Hang in there. Just know this is going to be the craziest/busiest year of your life. You will live on the phone and run errands every waking hour of the day. Your kids will start talking in contractor-speak and you will have very limited other conversations with any one you know (it’s just that we are all interested!) The upside is your very own, built to your exact specifications dreamhouse. It will be worth it (If you can get through it :p)
Hey I just noticed we made your friends and family blog list! How exciting!!

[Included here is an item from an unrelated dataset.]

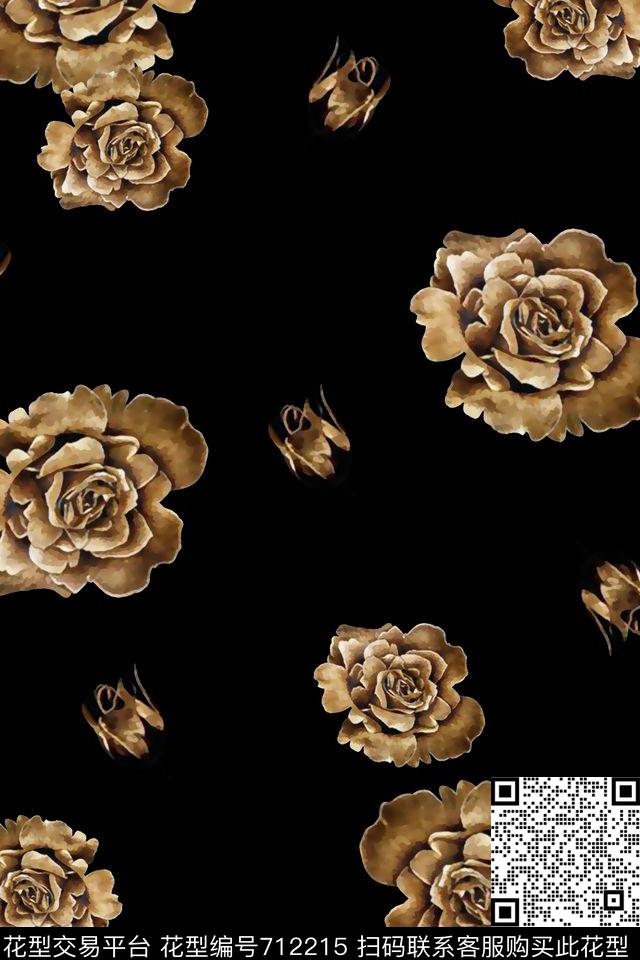 花卉水彩花卉手绘花纹理花卉复古花大牌花卉复古女装花卉女装裙花卉数码印花华亿平台下载（图片编号: 712215） - 瓦栏（Walan）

Now, wait a second, I know this was probably 3 or 4 years ago now, but you were able to buy a house that wasn’t a one room condo for $130,000?……..Did you have connections, or is that typical over there? I don’t even think you can get a double wide over here for that anymore. Maybe four years ago, but not now! I think the average three bedroom home, no fancy stuff, no yard, goes for about $200,000 over here. Sad, but true.
Yay for the Tri-Cities! :) Yes, we bought a 1900sqft four bedroom split level for $130,000 4 years ago. We sold it three years later (with a new roof and kitchen) for $148,000 or so, I don’t remember exactly. That was the peak of the market and things have dropped a bit since then. We’re looking at new construction for which the loan amout will be in the $200,000 vicinity (with Matt doing lots of the work and with average/bargain fixtures, though)…at least, that’s where our estimates have brought us and even what the bank guy I talked to last week guessed, but we’re putting together the stuff to get a bid from a friend who’s a general contractor now. :) Then we’ll have some more dependable numbers.
I do like the Tri-Cities. :)
The Tri-Cities is amazing that way! In the Portland area, a newer 3 bedroom 2 bath house is at least $250,000. Depending on the location, age of the house, etc. It’s a whole different ball of wax - the house that I was raised in in the Tri-Cities area is probably worth nearly twice as much here!